Abstract:
An end-to-end time-domain music source separation method based on dual-dimension sequential attention combing the structural characters related to instrument sound sources and contents of song pattern is proposed to address the insufficient specificity when characterizing the instrument sound sources in music. First, characteristic basis functions are weighted with different attention based on two dimensions, namely time and characteristic channels, because of the significant regularity of the occurrence of different instrument sound sources in different parts of the song pattern. Second, a multi-resolution frequency factor is introduced into the loss function to measure the difference between separated sound sources and ideal ones from both time and frequency domains at the same time.

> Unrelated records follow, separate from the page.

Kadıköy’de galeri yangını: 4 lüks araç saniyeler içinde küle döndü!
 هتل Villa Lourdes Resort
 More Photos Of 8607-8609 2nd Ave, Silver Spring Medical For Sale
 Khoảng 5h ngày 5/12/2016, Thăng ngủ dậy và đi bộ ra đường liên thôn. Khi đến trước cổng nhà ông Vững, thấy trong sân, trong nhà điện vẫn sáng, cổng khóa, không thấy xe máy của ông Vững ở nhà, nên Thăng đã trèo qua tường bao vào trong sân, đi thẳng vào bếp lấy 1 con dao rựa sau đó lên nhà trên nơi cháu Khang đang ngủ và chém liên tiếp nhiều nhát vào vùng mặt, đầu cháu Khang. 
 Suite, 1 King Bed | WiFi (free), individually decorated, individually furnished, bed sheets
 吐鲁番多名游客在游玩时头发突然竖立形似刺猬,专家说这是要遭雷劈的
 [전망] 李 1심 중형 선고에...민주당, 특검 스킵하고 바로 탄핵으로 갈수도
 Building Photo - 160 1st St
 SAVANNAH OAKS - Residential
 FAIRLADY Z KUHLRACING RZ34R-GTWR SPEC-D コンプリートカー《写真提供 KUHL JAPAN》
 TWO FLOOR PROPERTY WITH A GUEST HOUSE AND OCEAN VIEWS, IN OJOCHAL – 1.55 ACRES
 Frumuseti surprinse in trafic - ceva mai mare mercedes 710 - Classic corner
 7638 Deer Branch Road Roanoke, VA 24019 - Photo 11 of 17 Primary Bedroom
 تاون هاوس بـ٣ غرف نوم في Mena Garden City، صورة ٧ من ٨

As shown by the experimental results on the MUSDB18 dataset, the separation results of instrumental sound sources can be improved by giving special attention to both the time-domain song pattern structure features and discrete harmonic features of the sound sources. Compared with Demucs, the most advanced end-to-end time-domain music source separation method, the signal-to-noise ratio index of this method is improved by 0.40 dB, with particularly outstanding performances in the separation of drum and bass audio sources, whose signal-to-noise ratio index is improved by 0.13 dB and 0.60 dB, respectively. The specificity of the characterization of sound sources can be improved through sufficient use of multi-dimensional
a priori knowledge, such as the semantic content and acoustic feature of sound sources, thus improving the degree of separability of sound sources.